After working with fellow writers my age, I’ve learned that it’s not uncommon for people who want to identify themselves as writers to actually be scared of writing. I suffered from that fear and became lazy about how much and what I wrote in an effort to keep the image of being a writer in my mind alive. If I actually wrote, then I would be forced to examine the words in front of me and maybe even discover that they’re horribly put together and I need to be shot for creating such drivel. If I didn’t write, then I didn’t have to confront my ability as a writer.

This blog has not only made me confront my ability as a writer, but now that I’m constantly posting comments and stories, it has also allowed my writer’s mind to awaken.

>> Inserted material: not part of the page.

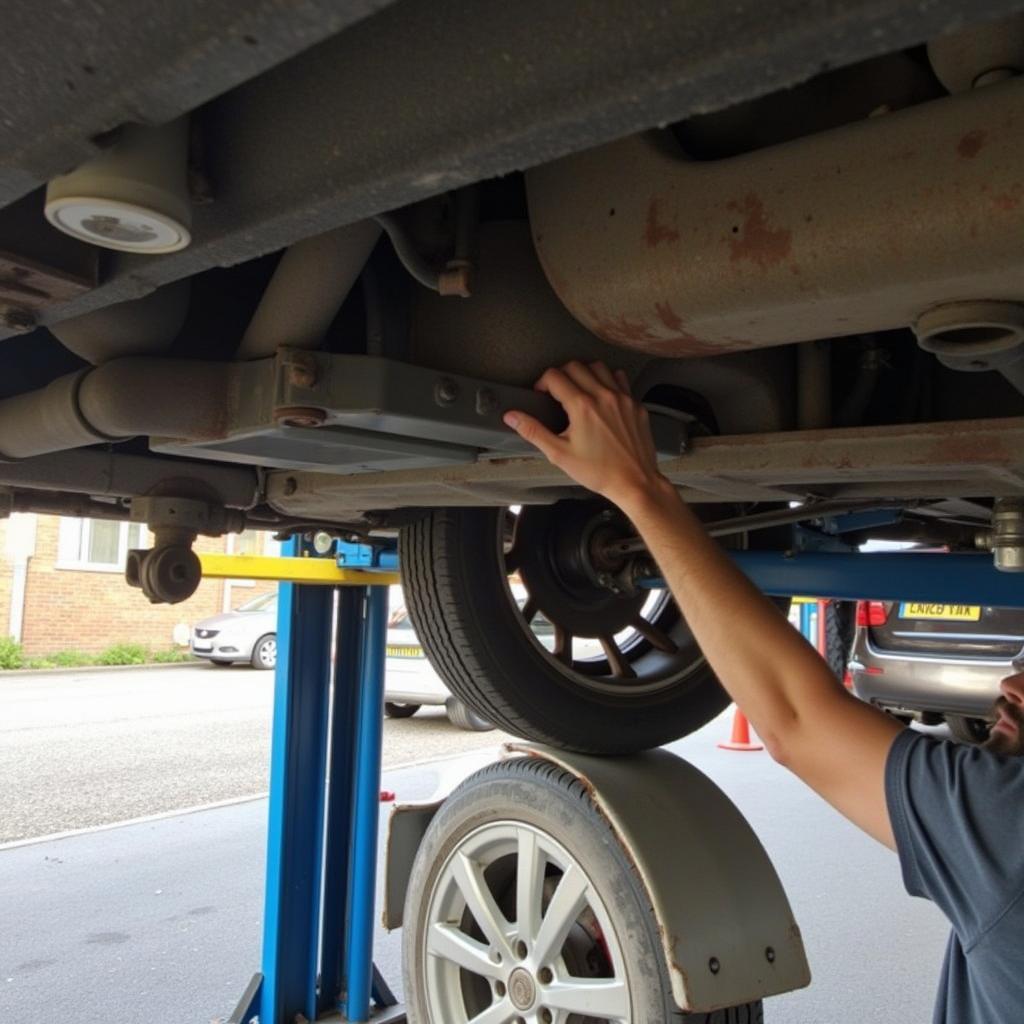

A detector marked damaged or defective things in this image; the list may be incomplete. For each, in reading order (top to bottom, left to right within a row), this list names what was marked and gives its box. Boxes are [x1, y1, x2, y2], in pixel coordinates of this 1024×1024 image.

rusty exhaust pipe [528, 77, 1024, 356] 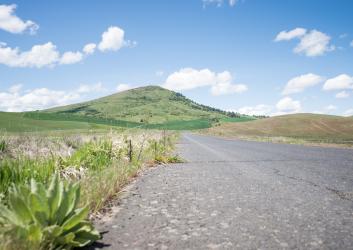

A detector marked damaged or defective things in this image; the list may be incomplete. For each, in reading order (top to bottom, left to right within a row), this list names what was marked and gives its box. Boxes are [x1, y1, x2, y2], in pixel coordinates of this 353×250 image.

cracked pavement [90, 134, 352, 249]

These days, I always have ideas floating around in my head that I’d like to capture in words. On the days that I don’t post anything, I find that the reason I didn’t post is not because I don’t have ideas, but that my body either feels like shit or I’m exhausted from a long and busy day. In the recent past, I would never write anything due to being afraid of myself and thus shutting down any potential ideas that I could write about. Now, I at least have those ideas, even if they end up being boring.

Another good thing that has come from this blog is that Tyler is now writing. He probably started his blog due to the fact that he reads blogs all day long, but I’d like to think that I inspired him at least a bit. It’s so refreshing to see him actually create something instead of sit on the internet and read rants about this and that all day. Of course, he still reads those rants all day long, but at least something creative has come from them. Now if I can just get him to dive into that box of junk of his and put together one of those wonderful sculptures he used to have hanging on his walls in the dorms…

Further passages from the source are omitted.